VAWA also does not adequately address sex trafficking, honor killings, or child marriage. Research by the nonprofit group Unchained found that “a quarter-million children as young as 12 were married in the US between 2000 and 2010—mostly girls wed to adult men.”

VAWA should prioritize protecting women and girls from these heinous forms of violence.


2018 marked the 25th Anniversary of VAWA. IWF President Carrie Lukas and IWF Senior Advisor Andrea Bottner sat down to discuss why VAWA is in need of reform in this Facebook Live interview.

IWF also joined a coalition expressing support for reauthorizing a stronger and better Violence Against Women Act (VAWA) by including provisions enhancing penalties for female genital mutilation and allocating funding to combat gender-based violence like FGM.

IWF also released top takeaways on VAWA and why it needs reform to make it more effective and accountable.

In response to Congress’ failure to reauthorize VAWA amidst a government shutdown in December of 2018, IWF released a statement condemning this negligence and urging Congress to pass an improved VAWA to respond to FGM, encourage increased transparency, demand accountability, and make sure that victims receive the assistance they need.

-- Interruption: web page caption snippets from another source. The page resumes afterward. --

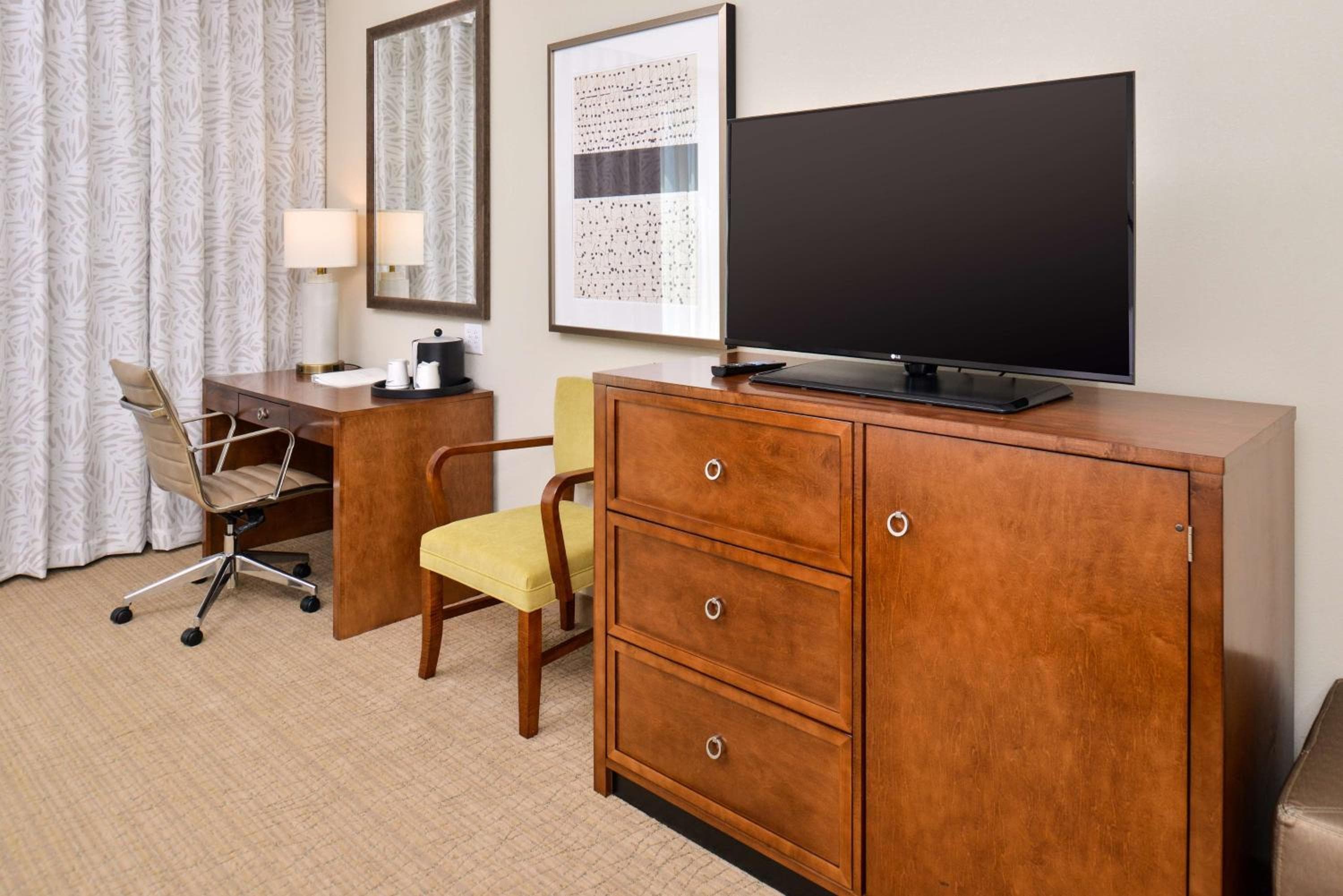 Hampton Inn & Suites Orlando/Downtown South - Medical Center — 26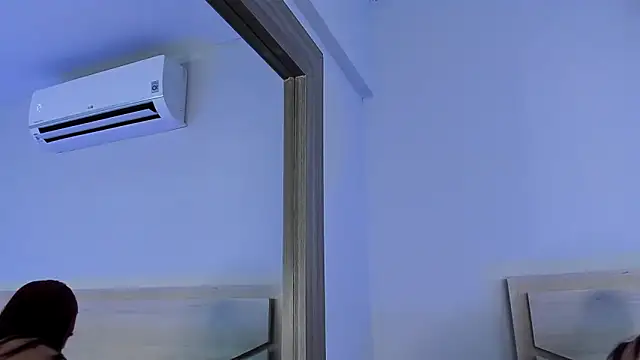 Snapshot of ZoeMorris chatting on 10.15.25 ZoeMorris online show from 10.15.25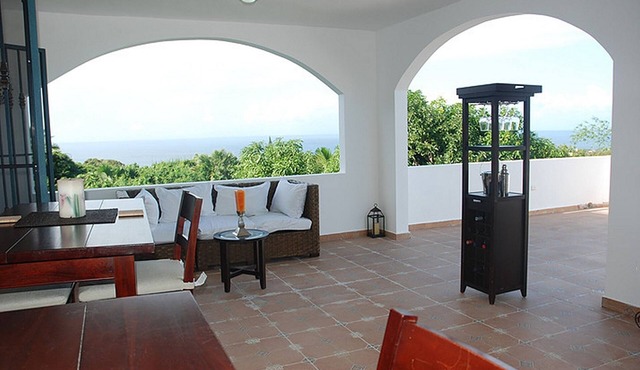 Silent ocean-view room, pool/WiFi/cable TV/parking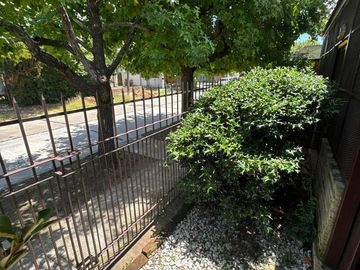 Venta-Casa Chalet de 6 Ambientes - Berazategui Centro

The highly partisan House-passed version of VAWA, H.R. 1585, currently does not include any federal penalties for Female Genital Mutilation (FGM). In 2019, IWF launched a petition urging Congress to include adequate protections from FGM in the reauthorization of the Violence Against Women Act. Thousands have signed on in support of including provisions in VAWA to fight this heinous practice.

In a series of op-eds penned by IWF Chairman Heather Higgins, IWF Senior Advisor Andi Bottner, and IWF Visiting Fellow Dr. Qanta A. Ahmed, IWF urged policymakers to take violence against women more seriously by enacting an improved version of VAWA that truly protects women and girls.

Lawmakers heeded IWF’s advocacy and Senator Joni Ernst (R-IA) introduced the Violence Against Women Reauthorization Act of 2019, which seriously addresses the horrific crimes of FGM, honor killings, sex trafficking and child marriage. This modern, stronger, and better VAWA would, if passed, deliver solutions to those in need and bring much-needed awareness.


Policymakers can do more to prevent and respond to violence against women and to ensure that offenders are held accountable by reauthorizing a better VAWA.

Severe penalties and other prevention measures can help ensure that t girls and women are protected from FGM, child marriage, sex trafficking and honor killings.

VAWA can also be strengthened by requiring greater transparency and accountability to ensure that victims can get the assistance they need.

Congress enacted VAWA 25 years ago with laudable intentions: To prevent and respond to victims of violence. VAWA isn’t a political issue; we all want to support survivors and prevent future violence. By reauthorizing a better Violence Against Women Act (VAWA), we can ensure that funding is spent on serving victims and holding perpetrators accountable.